Festival littéraire

Le Goût des Autres

21-24 Janvier 2016 - Le Havre

Lundi 1er février 2016, par MB // Evènements d’hier


Festival Littéraire

Le Goût des Autres

Depuis cinq ans, la ville du Havre organise ce Festival aux mêmes dates (fin janvier).

Je rappelle que le thème de l’an dernier fut l’humour et que les rencontres furent maintenues après les actes meurtriers qu’avait subis l’équipe de Charlie Hebdo.
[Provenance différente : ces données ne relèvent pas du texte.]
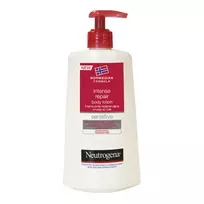 Neutrogena Intensive Repair Body Lotion for Dry Skin, 400ml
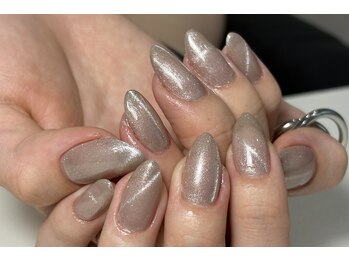 ミエル 大宮店(miel)/マグネットネイル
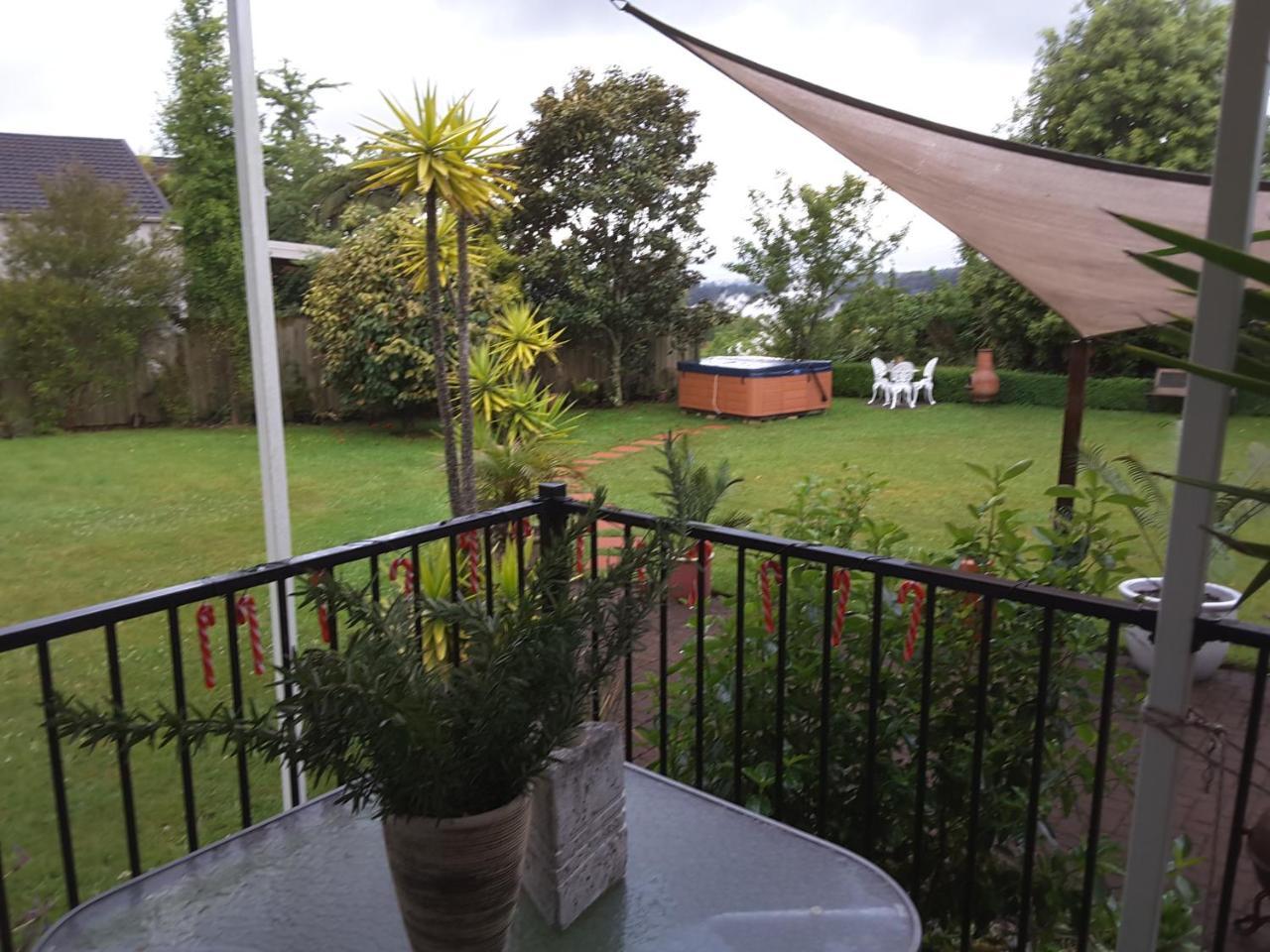 Geyser Lookout Bnb Роторуа Экстерьер фото
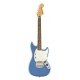 Fender 0374081502 Squier Classic Vibe 60s Mustang Electric Guitar - Placid Blue Fender 0374081502 Squier Classic Vibe 60s Mustang Electric Guitar - Placid Blue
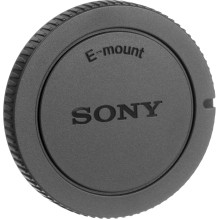 Sony E-mount lens/camera cap set (ALC-R1EM + ALC-B1EM)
Cette année le thème retenu fut :

L’amitié sous toutes ses formes, L’amitié en Littérature


Comment peut on évoquer cette émotion, ce sentiment complexe, tout à la fois stimulant et assez mystérieux qui lie des êtres humains ? Au terme de l’amitié on peut ajouter des termes tels que : camaraderie, tendresse, solidarité et fraternité et d’autres encore.

Voilà la tâche, le pari, qui ont été déployés durant ce week-end par des écrivains, musiciens, journalistes, acteurs, anthropologue, historien. Tous, avec leur singularité, ont essayé de démêler ce qui distingue l’amour de l’amitié ou ce qui fait la perméabilité, l’émergence de ces deux sentiments.

Ce fut un espace de recherche, s’appuyant sur la création littéraire. Cette littérature qui permet d’évoquer ces affects, de les approfondir. Dans la bouche de ces femmes et de ces hommes revenaient souvent les mots d’« imaginaire », « surgissement », « interrogation », lorsqu’ils évoquent le besoin d’écrire.

Il y eu un moment qui évoque la scansion de la séance. Ce fut l’instant, où cet écrivain, Claro, fit la lecture d’un texte qu’il avait rédigé tout spécialement pour ce festival. Dans ce texte, il remettait en cause cet engagement aveugle qui est pour lui l’amitié. S’appuyant sur les écrits de Proust ainsi que ceux de Molière à travers le personnage d‘Alceste, il ponctua sa thèse « Et si l’ami était un ennemi dont nous n’osons pas nous passer ? ».

L’entretien croisé d’un anthropologue et d’un historien nous ramena dans le cadre du XXIe siècle. Ils évoquèrent l’idéal dans la demande pour certains adolescents en ce qui concerne le sentiment d’amitié ; comment cet affect permet le passage des idéaux parentaux à celui des réseaux amicaux. L’échange se poursuivit avec une réflexion autour de l’outil d’internet, tel Facebook qui permet de rassembler « des amis » avec la question « veux-tu être mon ami ? » – interrogeant ce qui est du domaine privé et qui peut devenir public sans droit à l’oubli.

Le sublime clap de fin fut celui qui nous permit d’entendre la lecture d’un extrait du roman Jules et Jim de Henri Pierre Roché. Après toutes ces lectures qui évoquent une spirale venant entourer ce terme de l’amitié, la lecture de Jules et Jim s’appuyait d’une certaine manière sur les textes d’ouverture de ces journées, insistant sur la difficulté de définir ce qui fait lien d’amitié pour les femmes et les hommes.